Sometimes it’s not complex narratives, layered boss fights or grand multiplayer levels that do it for people. Sometimes, you just need to see waves of enemies getting mowed down time after time.
This story was sponsored by PlaySide Studios.
While gamers aren’t inundated with quite as many tower defense games as we used to have, back when Flash games were at the height of their popularity, the genre is still well serviced. Many major Flash era tower series are still running today, and tons of developers have used the rise of more portable, casual gaming, to test new perspectives and ideas.
If you’re looking for scratch an itch that can only be pleased by waves of endless enemies and constant turret fire, here’s seven tower defense games this year worth keeping on your radar.
Defend The Bits TD
After a tower defense game sporting a bright, vibrant, voxel-based look akin to Minecraft or Crossy Road? Defend The Bits TD, a premium re-launch of its mobile predecessor, fits the bill perfectly.
The game comes with hundreds of quests, more than 20 upgradeable characters and classes, towers, and multiple abilities you can deploy in the heat of battle. Keep an eye out for the unicorn slap!
Defend The Bits TD is out now for PC via Steam.
Creeper World 4
If you want your tower defense experience to have more of a complicated vibe, then Creeper World 4 is worth a shot. Instead of guarding static lanes that individual enemies and bosses wander down, Creeper World 4 has you defending a giant 3D space that the eponymous Creeper tries to capture.
The experience of playing Creeper World 4 is a little more akin to an old-school real-time strategy game, although you’re not commanding legions of units and needing hundreds of actions per second to win each level. Defending your ground in Creeper World 4 isn’t too hard — the real challenge lies in taking ground, and defeating the Creeper for good.
Creeper World 4 is out now via Steam.
Kingdom Rush Frontiers
The Kingdom Rush franchise has grown enormously from its Flash roots. Originally released as a browser game back in 2013, Kingdom Rush: Frontiers was relaunched a few years later on mobiles, PC and later, the Nintendo Switch.

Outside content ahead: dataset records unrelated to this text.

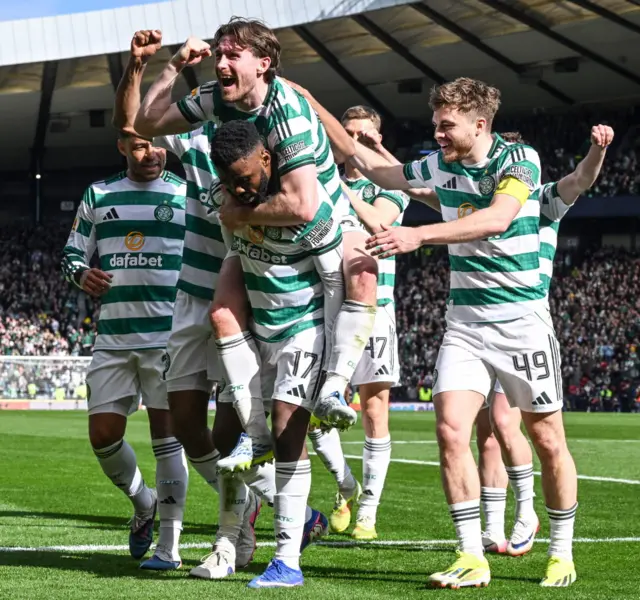 Celtic's Kelechi Iheanacho celebrates with his teammates after scoring to make it 5-2 during a Scottish Gas Scottish Cup semi-final match between Celtic and St Mirren at Barclays Hampden, on April 19, 2026, in Glasgow, Scotland.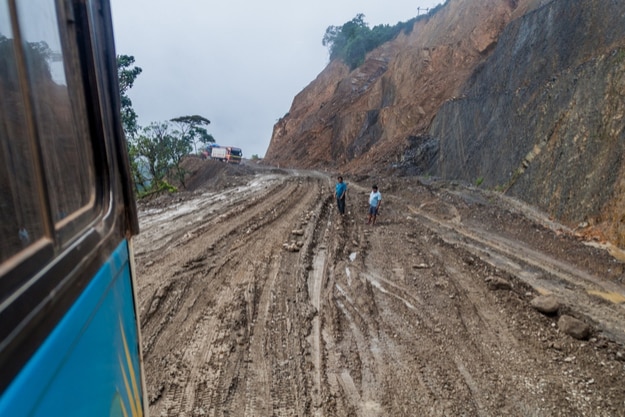 Bus on a muddy road in Yungas mountains, Bolivia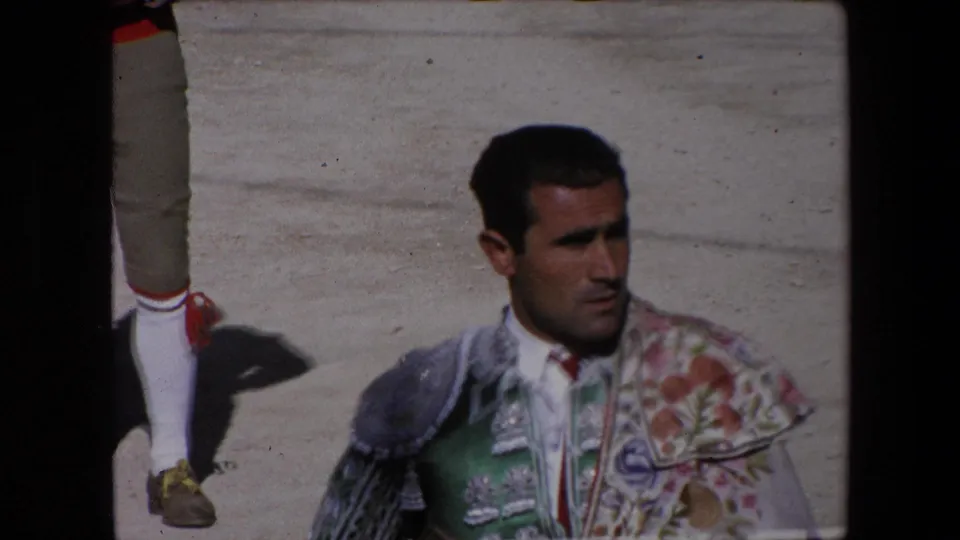 Adult torero in green and floral embroidered bullfighting attire stands in bright sun on arena sand in 1971 Barcelona footage, with another participant partly visible at the edge.
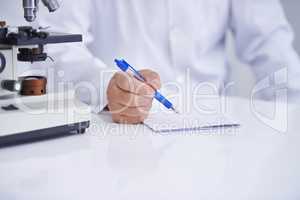 Recording his observations. A cropped shot of a scientist recording observations on a piece of paper while sitting in his lab.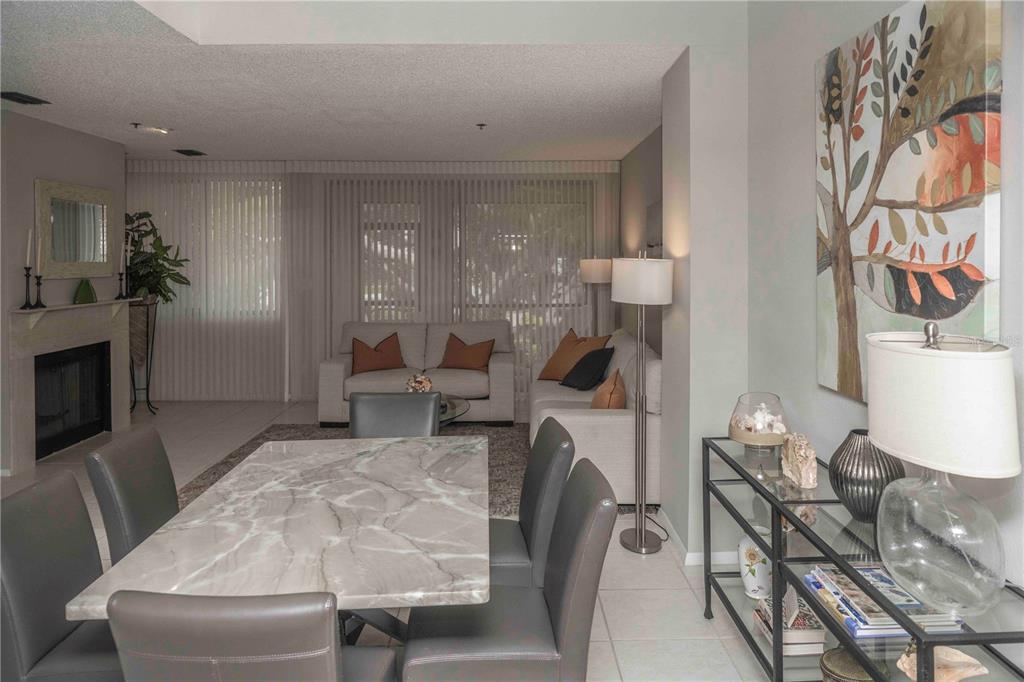 1922 Harbourside Drive, Unit 1102 Longboat Key, FL 34228 - Photo 2 of 23 a living room with furniture and a fireplace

Frontiers is commonly considered one of the most comprehensive tower defense games of all time. There’s special tower upgrades to leverage necromancy, crossbow forts, and earthquakes. The towers themselves have over 18 separate abilities you can trigger. There’s more than 40 enemies to conquer, 9 heroes with their own abilities and specialties to command, boss fights, an upgrade system. And if that’s not enough, there’s multiple difficulty levels to work through.
Kingdom Rush Frontiers is out now for iOS and Android, PC through Steam, and the Nintendo Switch via the Nintendo eShop.
Rogue Tower
Big fan of roguelikes and roguelite elements in your games? Rogue Tower takes that approach to tower defense games, with a neat twist. Instead of clearing things level by level, Rogue Tower gives you a path that constantly extends the longer you survive.
Every time you survive, Rogue Tower gives you a choice: what direction do you want to expand the path? You can wind the path as much as you like, keeping enemies as far away from your tower, or you can converge the paths to maximise the damage done by your AOE towers.
There’s also structural changes that are fun to play with. Towers in Rogue Tower have elevation, getting damage bonuses the higher they are. Certain towers get specific benefits from precise locations. There’s randomised upgrades and unlocks the longer you survive, and increasingly complex enemies to defeat.
Rogue Tower is out now on PC via Steam.
Dungeon Warfare 2
If it’s a very classic tower defense you’re after without too many complicated twists, Dungeon Warfare 2 is an absolute blast. The game pits you as a dungeon lord, protecting your spoils of war against greedy heroes and adventures by laying the most complex, powerful web of traps and towers possible.
It’s very Dungeon Keeper, without the first-person summoning and the trickier resource management. Dungeon Warfare 2 also has a full suite of boss battles, upgrade trees, over 60 handcrafted levels, an equipment system with more than 30 items, and endless mode, and a customisable difficulty.
Dungeon Warfare 2 is out now for PC and Mac via Steam, and on Android phones.